** Opening AVAILABLE RECORDS block **

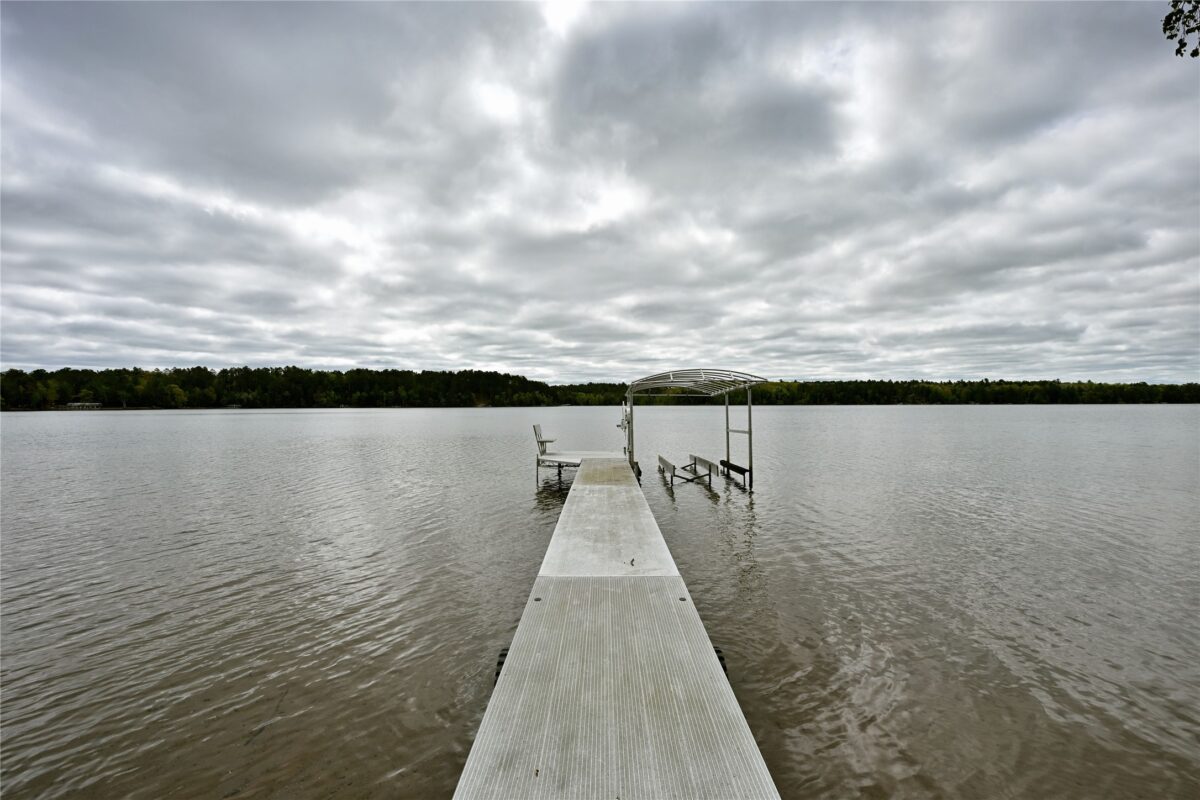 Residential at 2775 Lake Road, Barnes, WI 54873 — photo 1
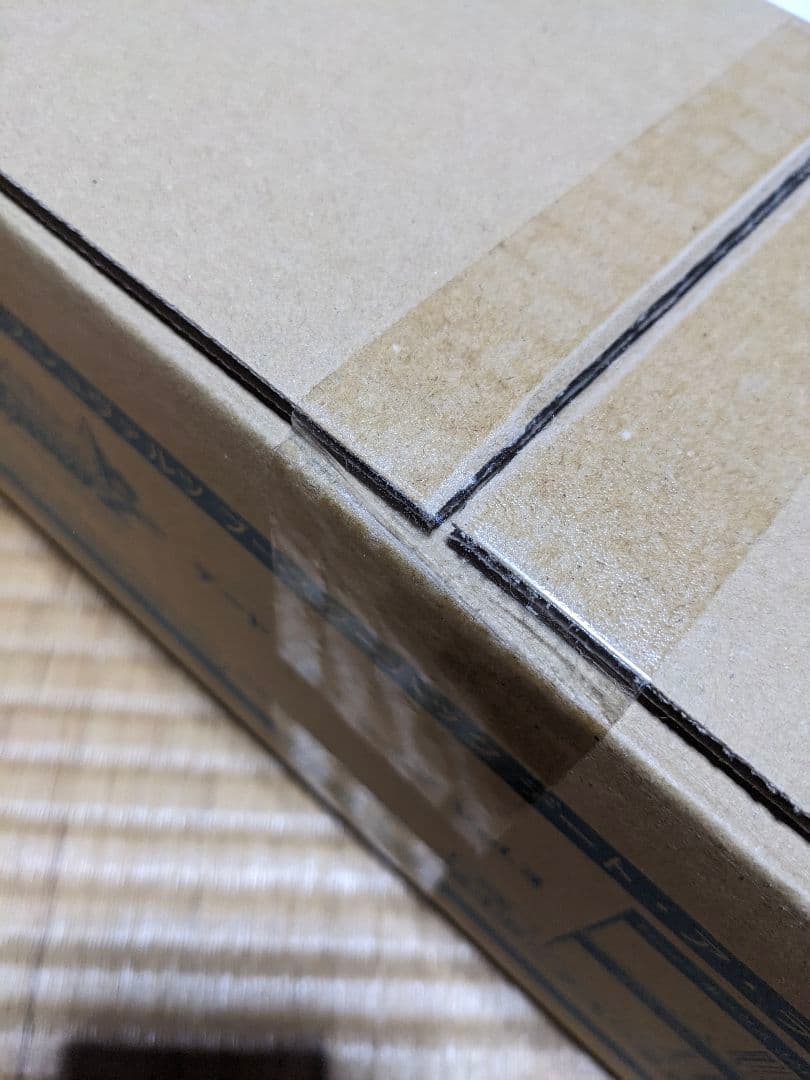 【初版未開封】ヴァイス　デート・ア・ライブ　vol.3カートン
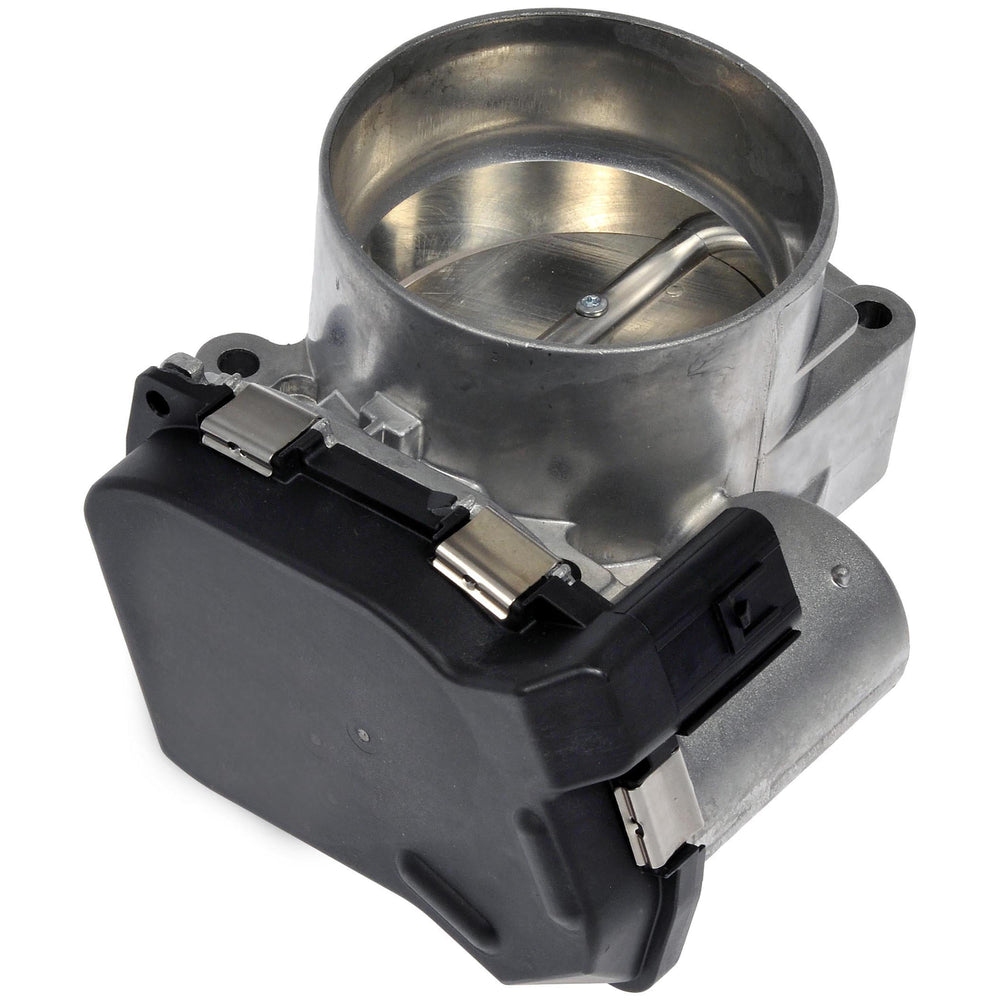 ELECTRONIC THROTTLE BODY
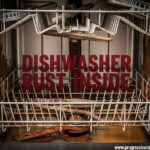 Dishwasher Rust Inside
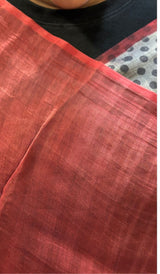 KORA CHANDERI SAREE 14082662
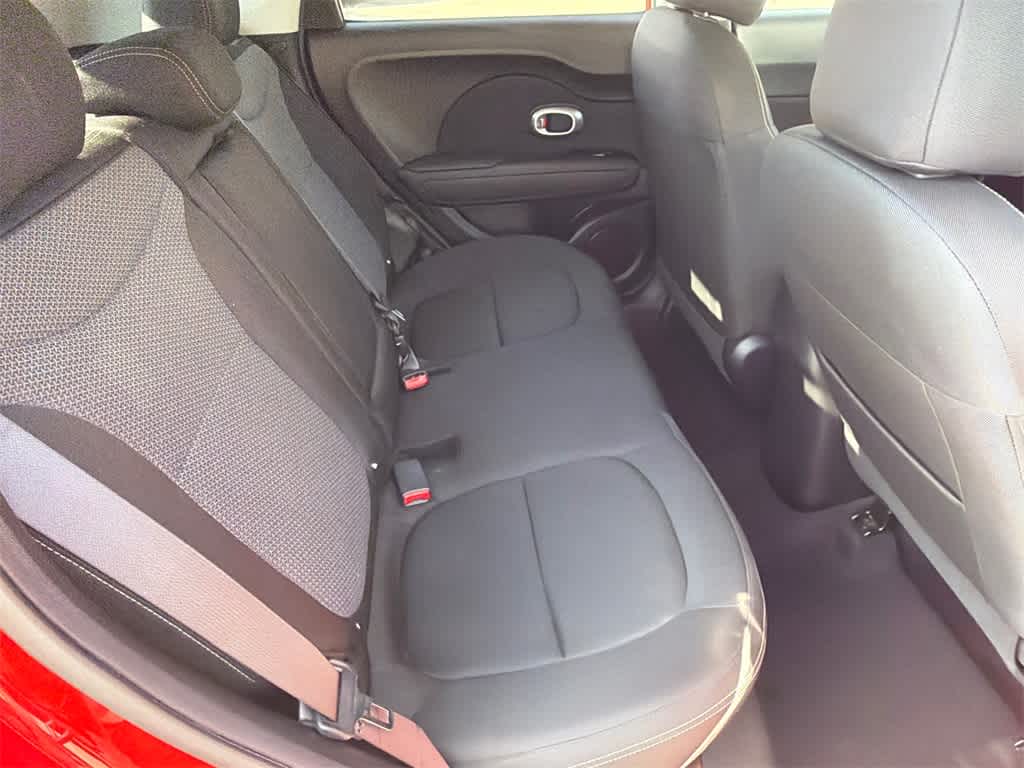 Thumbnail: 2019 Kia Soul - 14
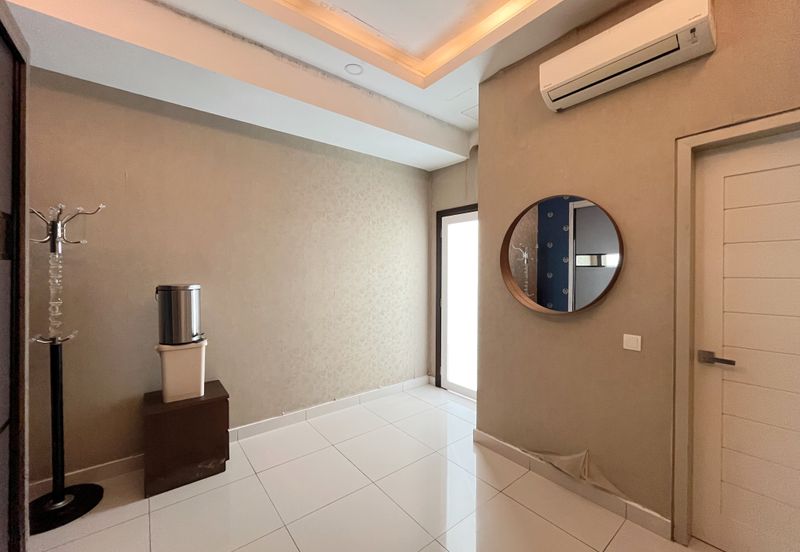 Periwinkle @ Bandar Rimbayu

** Closing AVAILABLE RECORDS block **

Nothing but the lines from the one holding "ELECTRONIC THROTTLE BODY" through the final line of the records above belongs in the answer, each retyped exactly; omit the pictures.

### YOUR RESPONSE
 ELECTRONIC THROTTLE BODY
 Dishwasher Rust Inside
 KORA CHANDERI SAREE 14082662
 Thumbnail: 2019 Kia Soul - 14
 Periwinkle @ Bandar Rimbayu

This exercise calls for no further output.